### WHAT THIS TASK INVOLVES
Using the material below, print the line that contains "NÚMERO DO TÍTULO: 01168", the line that contains "Dolce & Gabbana", and every line in between, exactly and nothing else.

### RECORDS SHOWN
↓↓↓
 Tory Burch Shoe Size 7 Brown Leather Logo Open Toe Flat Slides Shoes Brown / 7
↑↑↑
↓↓↓
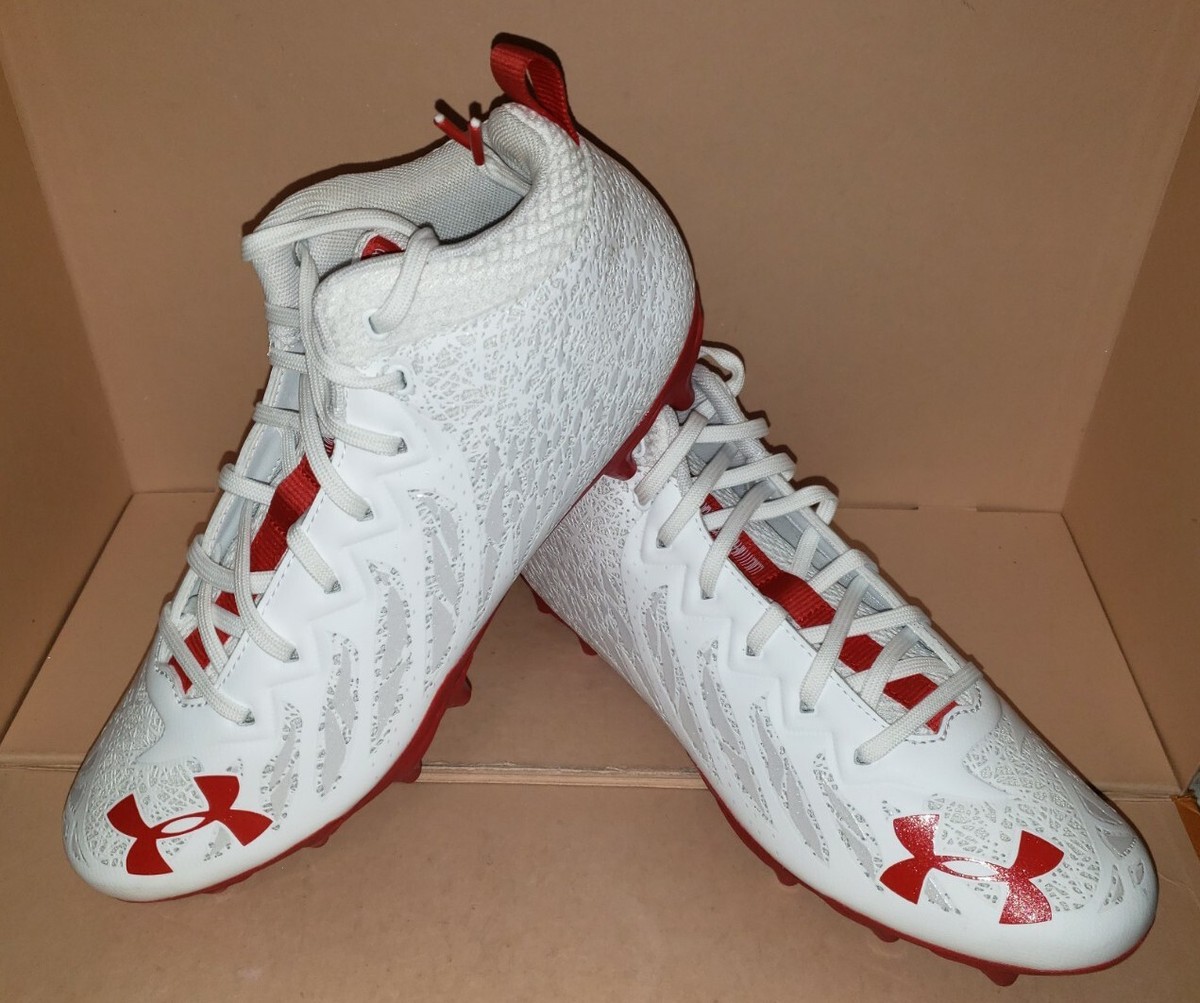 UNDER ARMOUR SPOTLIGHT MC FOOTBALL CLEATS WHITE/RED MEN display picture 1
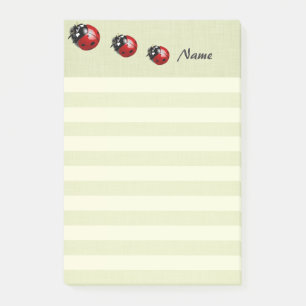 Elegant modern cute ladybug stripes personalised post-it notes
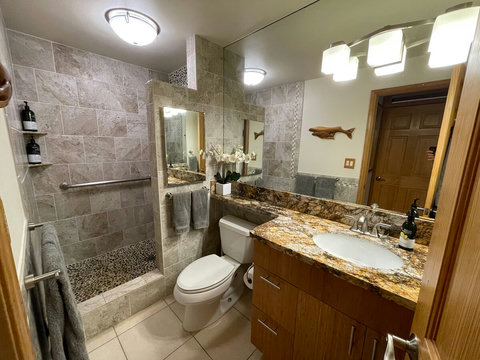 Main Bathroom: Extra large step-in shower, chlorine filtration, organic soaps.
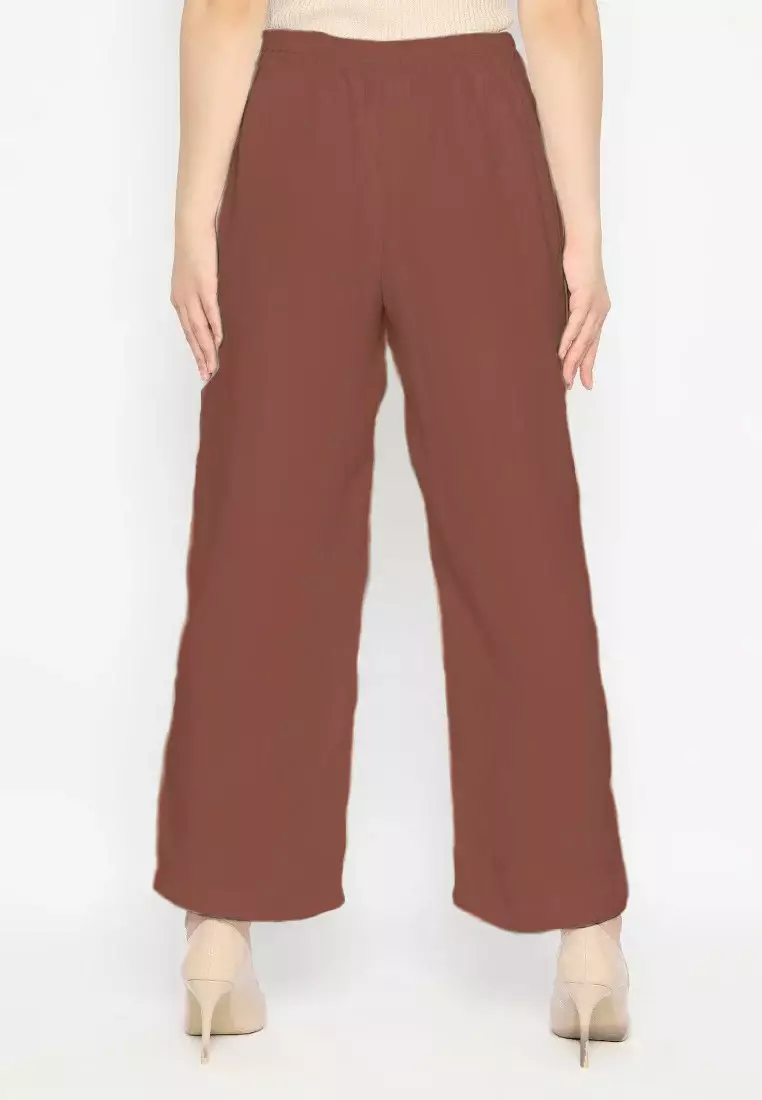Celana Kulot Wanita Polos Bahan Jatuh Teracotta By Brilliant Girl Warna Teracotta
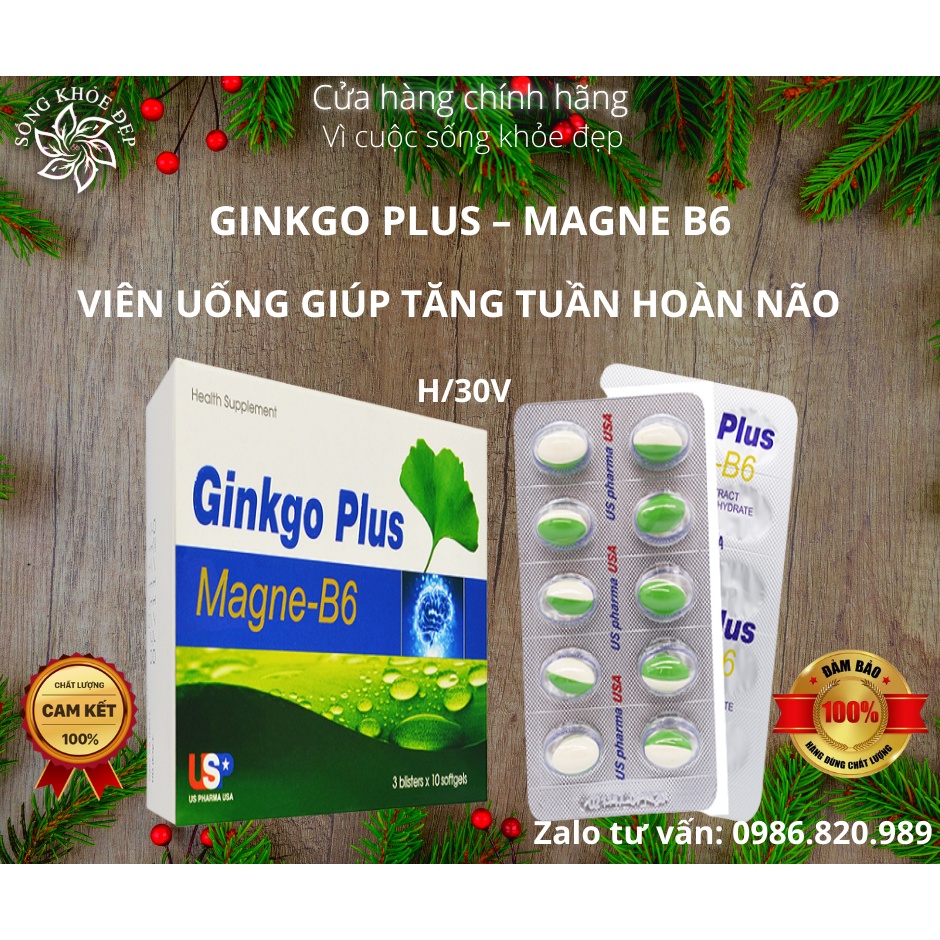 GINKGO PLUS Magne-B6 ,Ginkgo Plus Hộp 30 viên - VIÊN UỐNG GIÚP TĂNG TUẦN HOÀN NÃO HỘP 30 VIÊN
↑↑↑
↓↓↓
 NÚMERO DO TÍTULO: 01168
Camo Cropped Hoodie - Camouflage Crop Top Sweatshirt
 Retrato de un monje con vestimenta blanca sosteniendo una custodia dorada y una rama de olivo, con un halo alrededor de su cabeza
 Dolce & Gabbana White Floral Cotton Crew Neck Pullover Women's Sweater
↑↑↑
### WRITTEN RESPONSE
 NÚMERO DO TÍTULO: 01168
Camo Cropped Hoodie - Camouflage Crop Top Sweatshirt
 Retrato de un monje con vestimenta blanca sosteniendo una custodia dorada y una rama de olivo, con un halo alrededor de su cabeza
 Dolce & Gabbana White Floral Cotton Crew Neck Pullover Women's Sweater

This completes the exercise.